The above position was highlighted recently in Sudamdih Colliery of Bharat Coking Coal Ltd. v. Workmen [(2006) 2 SCC 329 : 2006 SCC (L&S) 306 : (2006) 1 Supreme 282."
24. A careful examination of the matter does indicate that the present reference, where the industrial dispute was raised in the year 2011 through an application made to the Conciliation Officer by the workman, relates to a termination of services made on 31.03.1990, going by the terms of the reference and nothing more. More or less, reckoned from the latter of the two stints that the workman had, in the Employers establishment as a muster roll borne lineman, the dispute has been raised after a delay of 21 years. It is true that going by the law, no limitation is prescribed, but stale claims where the industrial dispute may no longer actually exist,would be something upon which the law would frown. It is trite to say that what time period would constitute disentitling delay, would depend on the facts and circumstances of each case, as indicated in the decision of the Supreme Court in Chief Engineer, Ranjit Sagar Dam and another (supra). But, delay is certainly a very relevant factor to be considered by the Labour Court, in cases that are brought after lapse of a relatively long period of time, going by the short period of human life, and the still shorter productive period of it. The two decisions of their Lordships of the Supreme Court, that have been referred to with approval in Chief Engineer, Ranjit Sagar Dam and another (supra), are eloquent on various facets how delay would work to bar stale claims, notwithstanding the fact that a specified period of limitation is not prescribed by the statute to raise an industrial dispute. Various factors that have to be taken into consideration, are well illustrated there, and serve as a guiding hand in various matters where the issue arises.

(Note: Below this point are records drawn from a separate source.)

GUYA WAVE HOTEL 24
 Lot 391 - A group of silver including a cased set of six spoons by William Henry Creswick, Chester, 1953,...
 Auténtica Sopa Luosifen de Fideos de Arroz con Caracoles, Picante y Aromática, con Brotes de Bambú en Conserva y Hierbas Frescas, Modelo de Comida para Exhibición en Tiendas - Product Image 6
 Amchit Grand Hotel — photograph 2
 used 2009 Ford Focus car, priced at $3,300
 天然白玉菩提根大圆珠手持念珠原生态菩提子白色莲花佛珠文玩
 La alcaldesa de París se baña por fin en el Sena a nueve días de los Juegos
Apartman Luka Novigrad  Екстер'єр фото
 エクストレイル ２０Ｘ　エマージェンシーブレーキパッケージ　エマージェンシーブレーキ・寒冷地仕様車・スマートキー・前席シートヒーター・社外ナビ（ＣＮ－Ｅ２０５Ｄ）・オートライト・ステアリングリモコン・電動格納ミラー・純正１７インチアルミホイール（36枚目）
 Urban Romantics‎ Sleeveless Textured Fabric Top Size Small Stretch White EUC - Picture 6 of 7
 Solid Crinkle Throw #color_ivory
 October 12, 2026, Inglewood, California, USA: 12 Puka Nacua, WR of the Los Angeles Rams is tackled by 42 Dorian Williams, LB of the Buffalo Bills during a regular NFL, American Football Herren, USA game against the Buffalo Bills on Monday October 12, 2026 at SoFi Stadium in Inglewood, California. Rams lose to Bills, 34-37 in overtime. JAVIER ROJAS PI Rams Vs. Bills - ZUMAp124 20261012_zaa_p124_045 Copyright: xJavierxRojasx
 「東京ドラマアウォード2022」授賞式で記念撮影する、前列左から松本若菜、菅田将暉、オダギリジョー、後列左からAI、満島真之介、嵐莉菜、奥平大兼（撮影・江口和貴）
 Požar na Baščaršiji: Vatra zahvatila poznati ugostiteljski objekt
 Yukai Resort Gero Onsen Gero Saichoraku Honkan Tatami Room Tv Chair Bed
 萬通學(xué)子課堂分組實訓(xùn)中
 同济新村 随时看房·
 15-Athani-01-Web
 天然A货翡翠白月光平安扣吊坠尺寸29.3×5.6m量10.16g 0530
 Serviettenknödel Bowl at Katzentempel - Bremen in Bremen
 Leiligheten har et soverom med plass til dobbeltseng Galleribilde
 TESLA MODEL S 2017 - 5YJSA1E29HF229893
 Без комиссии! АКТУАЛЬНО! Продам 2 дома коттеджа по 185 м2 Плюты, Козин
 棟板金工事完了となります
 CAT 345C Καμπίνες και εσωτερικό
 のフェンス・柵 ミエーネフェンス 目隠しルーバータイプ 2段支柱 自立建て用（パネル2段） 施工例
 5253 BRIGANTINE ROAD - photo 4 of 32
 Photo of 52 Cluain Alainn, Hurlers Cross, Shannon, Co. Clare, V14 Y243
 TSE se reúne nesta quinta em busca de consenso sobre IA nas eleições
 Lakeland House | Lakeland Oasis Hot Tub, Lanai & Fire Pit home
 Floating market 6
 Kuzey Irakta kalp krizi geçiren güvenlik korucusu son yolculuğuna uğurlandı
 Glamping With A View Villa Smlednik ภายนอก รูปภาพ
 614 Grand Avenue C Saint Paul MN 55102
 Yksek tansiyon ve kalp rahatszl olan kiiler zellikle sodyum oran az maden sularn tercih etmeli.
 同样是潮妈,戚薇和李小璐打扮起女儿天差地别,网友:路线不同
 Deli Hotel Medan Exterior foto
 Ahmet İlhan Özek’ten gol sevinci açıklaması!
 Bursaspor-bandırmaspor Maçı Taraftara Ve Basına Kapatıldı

25. Again, the Supreme Court in Kuldeep Singh vs. Instrument Design Development & Facilities Centre, (2010) 14 SCC 176, following two earlier decisions of their Lordships in Sapan Kumar Pandit vs. U.P. State Electricity Board and others, (2001) 6 SCC 222 and a three Judge Bench of their Lordships in Western India Match Co. Ltd. vs. Western India Match Co. Workers Union and others, (1970) 1 SCC 225, that had been followed in Sapan Kumar Pandit (supra) held on the question of stale industrial disputes in Kuldeep Singh (supra), thus:
"30. In view of the above, law can be summarised that there is no prescribed time-limit for the appropriate Government to exercise its powers under Section 10 of the Act. It is more so in view of the language used, namely, if any industrial dispute exists or is apprehended, the appropriate Government "at any time" refer the dispute to a board or court for enquiry. The reference sought for by the workman cannot be said to be delayed or suffering from a lapse when law does not prescribe any period of limitation for raising a dispute under Section 10 of the Act. The real test for making a reference is whether at the time of the reference dispute exists or not and when it is made it is presumed that the State Government is satisfied with the ingredients of the provision, hence the Labour Court cannot go behind the reference.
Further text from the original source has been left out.